En même temps, quelque chose d’iconoclaste anime l’artiste, car ses images opèrent de deux façons bien différentes. D’une part, elle met en scène le ridicule, le grotesque, l’incongru : une femme à demi nue, la tête entourée de bouteilles vides, se promène à quatre pattes la nuit dans un musée d’histoire naturelle. D’autre part, elle épouse l’esthétique léchée de la publicité, quand cette même femme pointe une sorte de lance en direction de l’image d’un dinosaure géant !
Si la mise en scène « fonctionne », nous oublions les parties. Les éléments se transforment pour donner naissance le plus souvent à un être qu’on pourrait qualifier d’hybride ! Elle procède à une transcendance des éléments constitutifs, ainsi ce qui se trouve devant nos yeux nous questionne, nous échappe !
Impossible de nier un côté frondeur et charmant dans le travail de Dominique Paul. Adepte du « do-it-yourself » et du prêt-à-porter « low-fi », on la sent investie d’une mission. Avec les moyens du bord, elle donne de grands coups dans les apparences de la raison afin de sublimer le réel.
Quand les ficelles de la mise en scène demeurent apparentes, les œuvres chancellent et le spectateur reste en surface. En essayant de concurrencer les immenses budgets engloutis dans les images de réclame, l’artiste s’avance courageusement en terrain miné. On peut toutefois se demander si elle réussit toujours à questionner le message habituel. Épouser l’esthétique de la publicité est une aventure périlleuse, et le danger d’être rapidement consommée effleure à quelques reprises notre guerrière solitaire.
Fortes et vivantes sont les œuvres de Dominique Paul où une dérangeante étrangeté habite les corps hybrides. Dans la série Les insectes du Surinam, avec une tendresse non dissimulée, l’artiste greffe à des fragments d’insectes des parties de corps masculins « bodybuildés ». Ces œuvres qui ressemblent à des planches entomologiques possèdent une grande beauté. L’artiste fait un clin d’œil à la métamorphose (animale et humaine) et trace un parallèle entre les manipulations numériques et génétiques. Elle juxtapose aussi intelligemment la pensée de masse, les stéréotypes, les rengaines publicitaires et l’aspect programmé de la ruche. L’étrange s’enveloppe d’une douce dénonciation.
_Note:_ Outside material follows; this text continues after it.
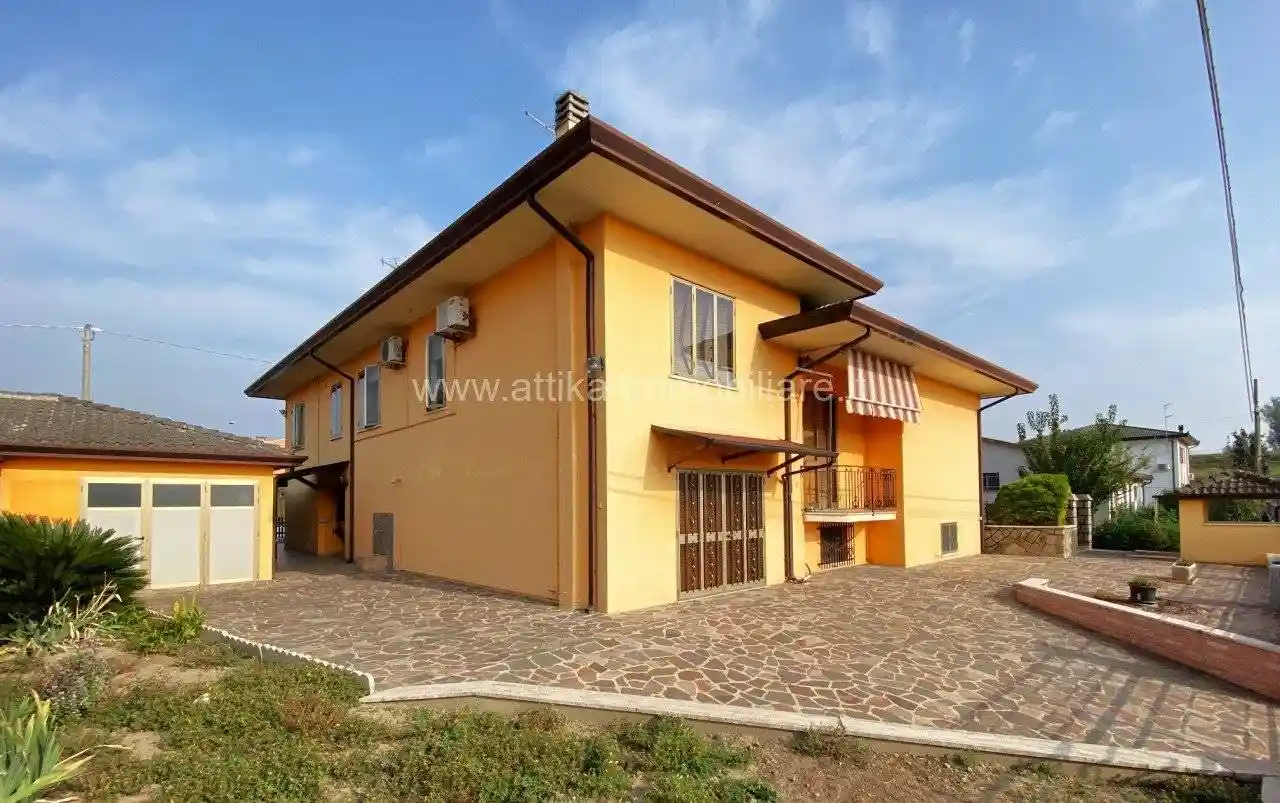 Villa in vendita a Boara Pisani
Dans la série des Prométhée, qui semble se dérouler la nuit dans un musée d’histoire naturelle, une créature humaine à la tête de lumière évolue au milieu de bêtes sauvages empaillées.
L’artiste déplace sur un fond immobile une seule survivante au milieu des morts, une agitatrice de poussière dans le faux décor de « Night at the museum ». Paradoxalement, dans cette dystopie futuriste, sous le regard vide des yeux en plastique, les animaux ne sont plus qu’un souvenir et l’humain (hybride ?) marche à quatre pattes.
Dans une troisième série d’œuvres, Dominique Paul a projeté des images sur les corps de modèles pour ensuite les prendre en photo. Le procédé n’est pas nouveau, mais ici il est bien employé et donne des résultats séduisants. Les modèles sont-ils nus ? On semble le deviner et il s’ensuit un jeu où le corps nu est faussement habillé par une ou plusieurs images. Dans cette simulation, les époques se croisent, peintures anciennes et modèles contemporains se mélangent. Au détour des costumes bigarrés, l’accent est mis sur le regard, car dans ce curieux rapport de révélation (nudité) et de camouflage (projection), l’œil seul ne ment pas !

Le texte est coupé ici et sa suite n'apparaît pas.